- [RECORDED DATA]:
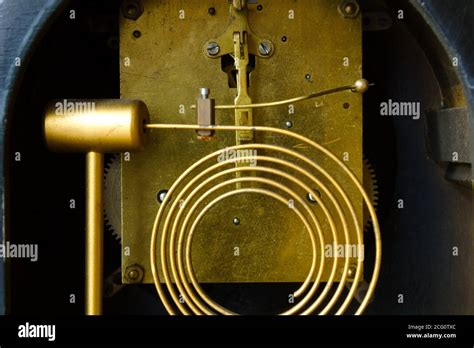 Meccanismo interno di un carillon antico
...
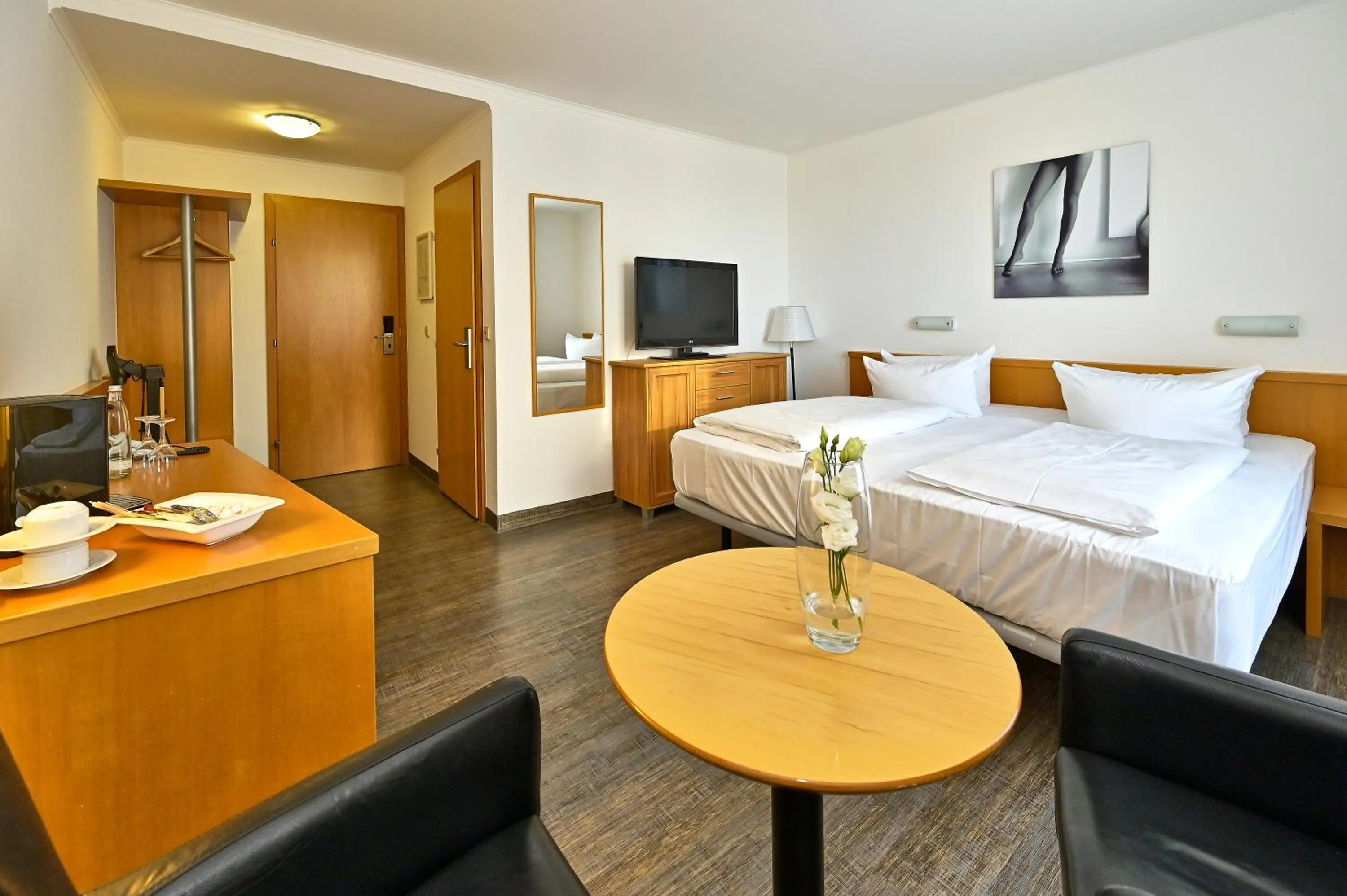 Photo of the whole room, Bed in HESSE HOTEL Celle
...
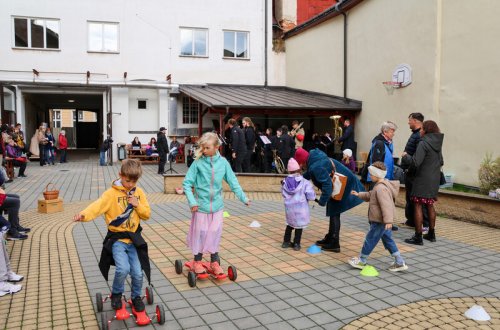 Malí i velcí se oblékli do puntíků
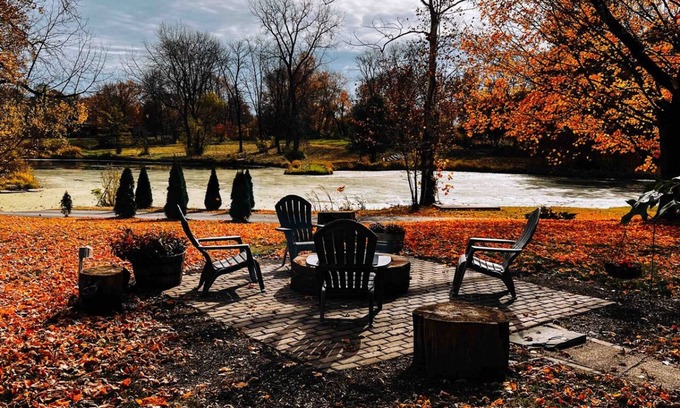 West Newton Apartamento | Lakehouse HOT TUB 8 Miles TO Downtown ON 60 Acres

- [TASK TO CARRY OUT]: Copy the lines above exactly, starting at the one with "Malí i velcí se oblékli do puntíků" and ending at the one with "West Newton Apartamento", both included. Leave out any pictures and add nothing else.

- [ANSWER]:
 Malí i velcí se oblékli do puntíků
 West Newton Apartamento | Lakehouse HOT TUB 8 Miles TO Downtown ON 60 Acres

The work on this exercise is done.